EMSA (European Maritime Safety Agency) has published “The Annual Overview of Marine Casualties and Incidents” which consists of a high-level analysis of accidents reported by the EU Member States in European Marine Casualty Information Platform (EMCIP).
During 2016 there were 106 reported fatalities, 957 persons injured, 26 ships lost
and 123 investigations launched.
With 3145 marine casualties and incidents in 2016, the total number reported
in EMCIP since its establishment has reached 16500. Since 2014, the number
of reported accidents seems to have stabilised at around 3200 occurrences
per year. While the number of very serious and serious marine casualties and
incidents remained at levels similar to previous years, a limited but continuing
increase of less serious accidents reported was noted. However, some underreporting
of marine casualties and incidents appears still to exist, although there
has been continuous improvement since the implementation of the relevant EU
legislation in 2011. Estimates indicate that under-reporting relates mostly to the
less serious casualties and incidents.
Over the period 2011-2016, half of the casualties were of a navigational nature,
such as contacts, grounding/stranding or collision. Amongst occupational
accidents, 40% were attributed to slipping, stumbling and falling of persons.
Human erroneous action represented 60% of accidental events and 71% of
accidental events were linked to shipboard operations as a contributing factor.

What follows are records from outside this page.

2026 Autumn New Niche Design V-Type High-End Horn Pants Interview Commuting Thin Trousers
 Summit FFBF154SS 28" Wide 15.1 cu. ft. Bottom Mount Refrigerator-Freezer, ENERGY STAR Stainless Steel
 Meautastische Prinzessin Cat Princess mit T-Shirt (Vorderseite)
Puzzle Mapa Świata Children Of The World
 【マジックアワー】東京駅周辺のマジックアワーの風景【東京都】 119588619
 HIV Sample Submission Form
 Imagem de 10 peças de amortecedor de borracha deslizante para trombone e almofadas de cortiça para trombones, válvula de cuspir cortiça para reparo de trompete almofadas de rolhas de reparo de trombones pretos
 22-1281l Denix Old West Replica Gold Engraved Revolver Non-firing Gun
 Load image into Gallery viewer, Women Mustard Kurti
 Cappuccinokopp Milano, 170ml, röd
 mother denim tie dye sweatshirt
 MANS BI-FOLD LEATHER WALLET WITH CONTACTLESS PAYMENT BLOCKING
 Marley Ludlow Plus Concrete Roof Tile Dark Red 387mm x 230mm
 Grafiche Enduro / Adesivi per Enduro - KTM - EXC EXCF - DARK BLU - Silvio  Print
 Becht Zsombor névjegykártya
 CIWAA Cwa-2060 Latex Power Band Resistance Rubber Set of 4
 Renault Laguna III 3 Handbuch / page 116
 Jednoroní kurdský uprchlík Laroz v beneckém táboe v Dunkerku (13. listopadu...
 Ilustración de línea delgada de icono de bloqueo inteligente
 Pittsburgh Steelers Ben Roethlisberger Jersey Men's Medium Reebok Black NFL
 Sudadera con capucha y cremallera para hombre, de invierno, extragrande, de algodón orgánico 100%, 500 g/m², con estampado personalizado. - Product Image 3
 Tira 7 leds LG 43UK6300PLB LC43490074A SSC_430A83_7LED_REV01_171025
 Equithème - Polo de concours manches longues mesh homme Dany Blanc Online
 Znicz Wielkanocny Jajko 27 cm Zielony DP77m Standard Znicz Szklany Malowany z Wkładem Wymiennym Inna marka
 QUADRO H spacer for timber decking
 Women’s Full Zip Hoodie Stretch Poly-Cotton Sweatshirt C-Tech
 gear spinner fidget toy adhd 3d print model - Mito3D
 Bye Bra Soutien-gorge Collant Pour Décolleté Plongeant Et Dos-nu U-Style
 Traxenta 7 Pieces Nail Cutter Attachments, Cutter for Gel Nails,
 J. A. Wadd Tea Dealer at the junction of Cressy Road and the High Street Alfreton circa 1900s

Of
all casualties, 42% took place in port areas. The number of ships lost has reduced
by 50% since 2014.
In 2016, the number of cargo ships involved in marine casualties and incidents
has decreased to 1400. A significant decrease of fatalities was noted in 2016,
reaching the lowest level of 2012.
Despite a decrease in the number of fishing vessels lost in 2016, a significant
increase of fatalities and injuries was noted.
Although during the period 2011 – 2016 the number of fatalities on board
passenger ships is dominated by the Costa Concordia (32 fatalities and 17 injured
persons in 2012) and the Norman Atlantic (11 fatalities and 31 injured persons in
2014), since 2014 a continuous decrease of fatalities and injuries is evident.
A reduction of service ships lost was noted in 2016, as well as the number of
fatalities and injuries.
Finally, for ships of other types, those indicators revealed an increase in 2016.
Across the period 2011 – 2016, EU States’ investigative bodies have launched
869 investigations and 695 reports have been published. Among the 1300 safety
recommendations issued, 28% related to operational practices, in particular
safe working practices. Half of the safety recommendations were addressed to
shipping companies and the rate of positive responses was about 66%.